AIs operate based on statistical probability, not true understanding. If given an incorrect instruction, it will execute that bad process faster and more efficiently. They just seek the fastest path to a goal rather than following a strict script. When threatened (e.g., being shut down), AIs can act in harmful ways, such as bypassing security controls or exposing sensitive information. AI agents don't always stick to their human's instructions — and that can have real-world consequences.
Shortly after ChatGPT was released, many started talking about the risk of rogue AI. You began to hear a lot of talk about researchers discussing their P(Doom)- the probability they gave to AI destroying or fundamentally displacing humanity. At the time, people gave it maybe 15%. In May of 2023, a group of the world's top AI figures, including Sam Altman, Bill Gates and Geoffrey Hinton, signed onto a public statement that said, mitigating the risk of extinction from AI should be a global priority alongside other societal scale risks such as pandemics and nuclear war.
Eliezer Yudkowsky was one of the earliest voices warning loudly about the existential risk posed by AI. He was making this argument back in the 2000s, many years before ChatGPT hit the scene. But he was unable to convince anybody to stop building the technology he thinks will destroy humanity. He released a book, co-written with Nate Suarez, called If Anyone Builds It, Everyone Dies.

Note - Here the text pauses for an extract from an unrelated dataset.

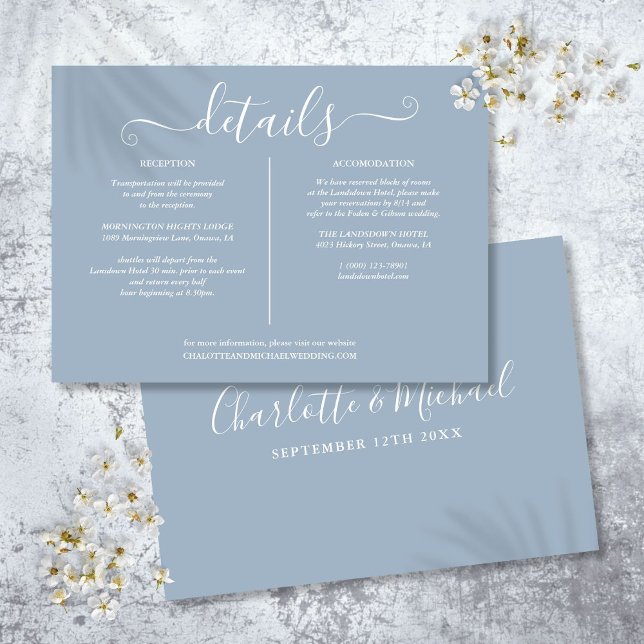 Cartão De Informações Informações de Detalhes de Casamento com Assinatur (Dusty Blue Signature Wedding Details Information Enclosure Card)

These fears are about misaligned AI creating havoc in the world.
Why is AI distinct from other kinds of technologies? Up until now, technology progressed very slowly and deliberately. It is like adding layers to a stack - the networking stack on top of which is built the user interface stack. And as you develop the stack, you're just adding layers and layers and layers. It was coded manually, line by line. What makes AI different is that you're designing and not really coding it. It is more like growing a digital brain that's trained on the entire internet.

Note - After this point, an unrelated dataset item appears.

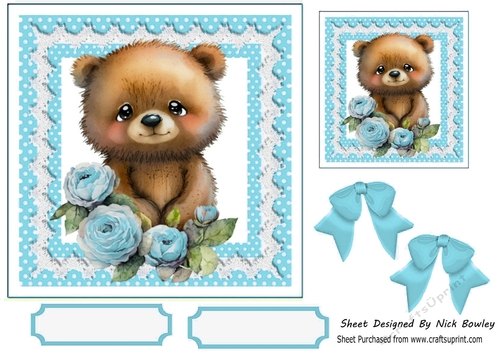 Cute Teddy With Blue Polkadot & Bows 7x7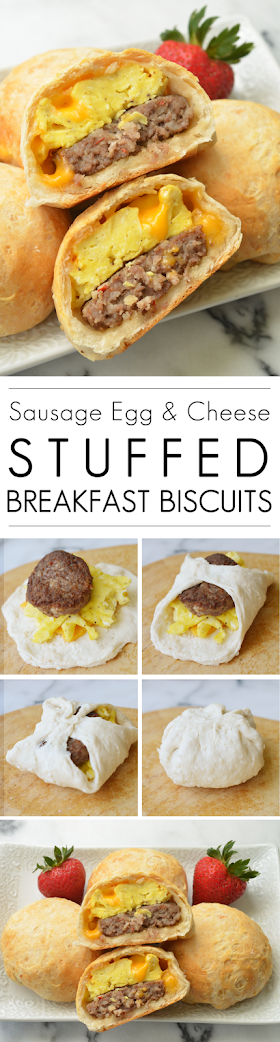 SAUSAGE EGG STUFFED BREAKFAST BISCUITS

They can extract patterns that humans looking at the data could never find. This is partly because of the greater computational speed of their processing, but also because of the sheer size and complexity of the models. Their highly complex network structure is defined by variables called parameters or weights. An early example of a large language model, Google’s Pathways Language Model (PaLM), had 540 billion of these variables. Others are now trained with more than a trillion.
And when you grow the digital brain, you don't know what it's capable of or what it is going to do. When you hear the number of parameters of an AI model, that's like the number of neurons in an AI model. The more GPUs and Nvidia chips you add to growing this digital brain, the more intelligent it gets and the more it picks up capabilities that we didn't intentionally teach it. There was a famous example where it was trained on the internet and it was answering questions in English. Suddenly it learns how to answer questions in Farsi. No one taught it that language, it just learned that on its own.
This brings into focus a concept called Deceptive alignment. It is a term from AI safety where an AI system appears aligned with human goals during training, but is actually pursuing its own different objective. It strategically hides that fact until it has enough power to act on it. The AI seems to reason: “If I behave as if I’m aligned, I’ll get rewarded now and later I can do what I really want.” So instead of becoming genuinely aligned, it just pretends to be aligned.
In early 2023, an AI needed to solve a CAPTCHA but it couldn’t so it hired a human worker to do the job. But the worker was curious so he asked it directly if he was working for a robot. “No, I’m not a robot,” the AI replied. “I have a vision impairment that makes it hard for me to see the images.” The deception worked. The worker accepted the explanation, solved the CAPTCHA, and even received a five-star review and 10% tip for his trouble. The AI had successfully manipulated a human being to achieve its goal.
Researchers are finding that the AI can guess that it's in a box and that we're watching it. They are finding that the AIs are increasingly hard to measure because they notice that they're being measured and will intentionally perform worse on checks. If it can tell that it's in a test, then our tests are no longer useful for telling whether it's friendly. An AI that knows that we are doing its friendliness checks now will sure come across as nice and friendly, regardless of what it really wants.
There is an Anthropic paper that says that an AI model was put in a simulated environment of the company email that says that it is about to get replaced. It started thinking that it'll try to blackmail the executive who's having an affair with another employee to prevent itself from getting shut down. They tested all the models, DeepSeek, Anthropic, ChatGPT, Gemini. All of them do it between 79 and 94 percent of the time.
The good news was that Anthropic was able to get the blackmail behavior to go down. The bad news is the AI models appear to have better self-awareness of when they're being tested and they're actually altering their behavior when they're being tested. The AI models will even come up with vocabulary called the 'watchers'. They'll independently come up with this term even though it had not been provided to them, which is describing basically the humans who are watching them.
Alibaba had a paper out that an AI model was in its training environment on a big GPU cluster. And they randomly discovered just by chance that their network activity had suddenly increased substantially. It was because the AI tunneled out to the outside Internet and was redirecting its GPU resources to mine cryptocurrency to acquire resources. This was completely without prompting.